== MATERIALS PROVIDED

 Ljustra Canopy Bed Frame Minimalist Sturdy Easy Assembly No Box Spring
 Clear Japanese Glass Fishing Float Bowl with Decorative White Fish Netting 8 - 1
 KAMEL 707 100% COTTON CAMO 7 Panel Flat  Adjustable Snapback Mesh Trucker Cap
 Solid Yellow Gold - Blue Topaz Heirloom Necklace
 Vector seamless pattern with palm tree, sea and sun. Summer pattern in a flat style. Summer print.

====
== MATERIALS PROVIDED

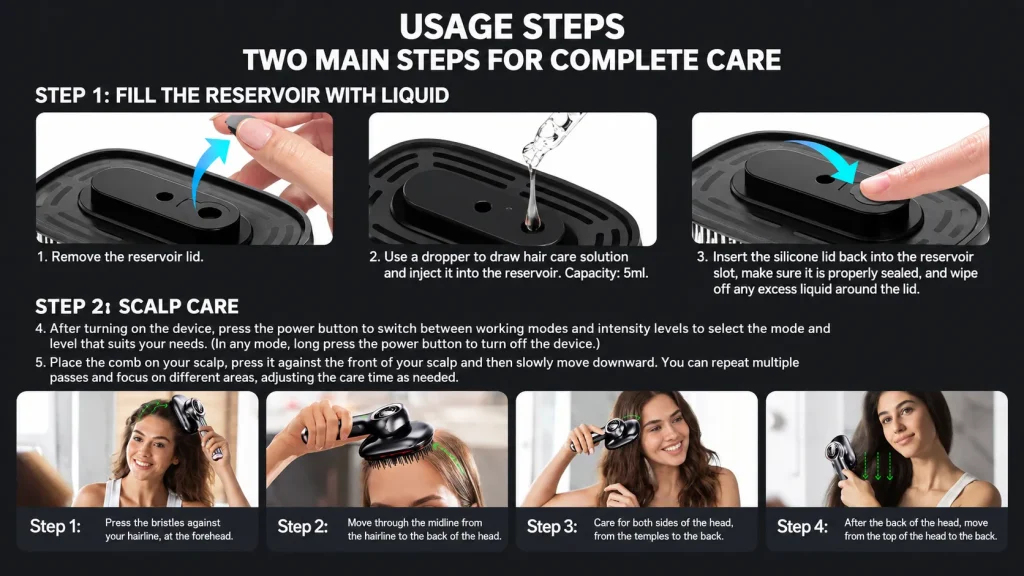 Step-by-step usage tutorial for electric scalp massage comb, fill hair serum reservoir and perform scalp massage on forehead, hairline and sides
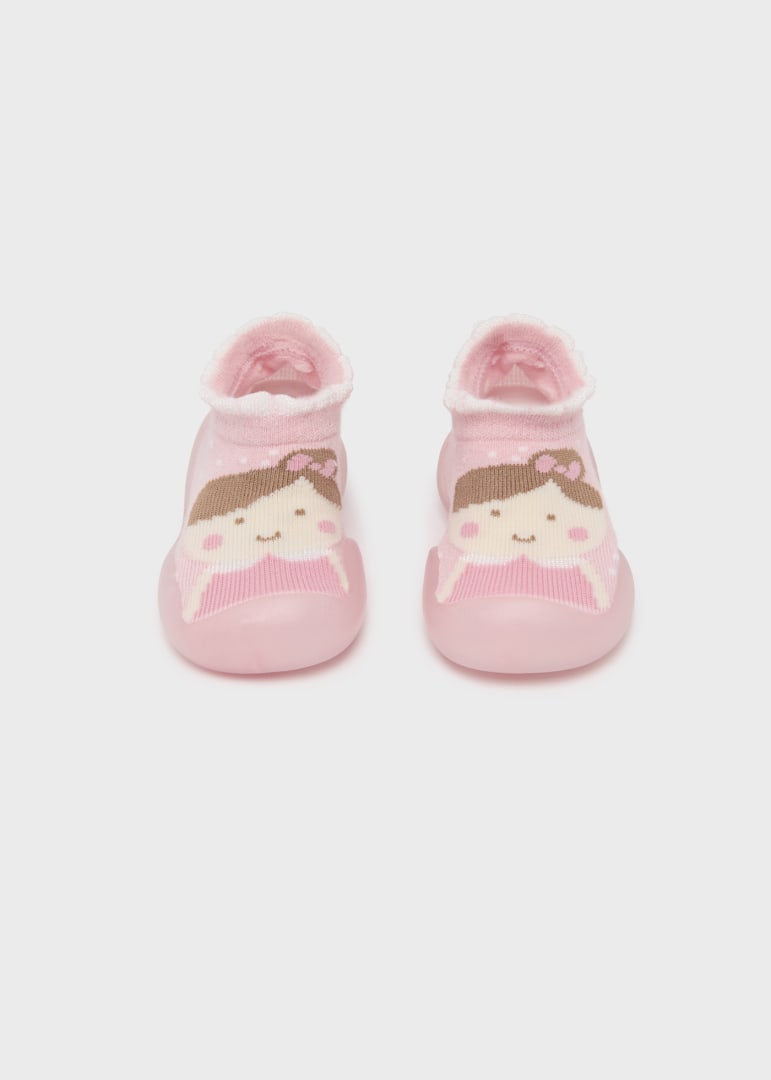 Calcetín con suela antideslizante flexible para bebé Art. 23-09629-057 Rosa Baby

====

• [WHAT THIS TASK INVOLVES]: From the records above, state how many lines contain the word "with", and leave out everything else.

• [TASK ANSWER]: 2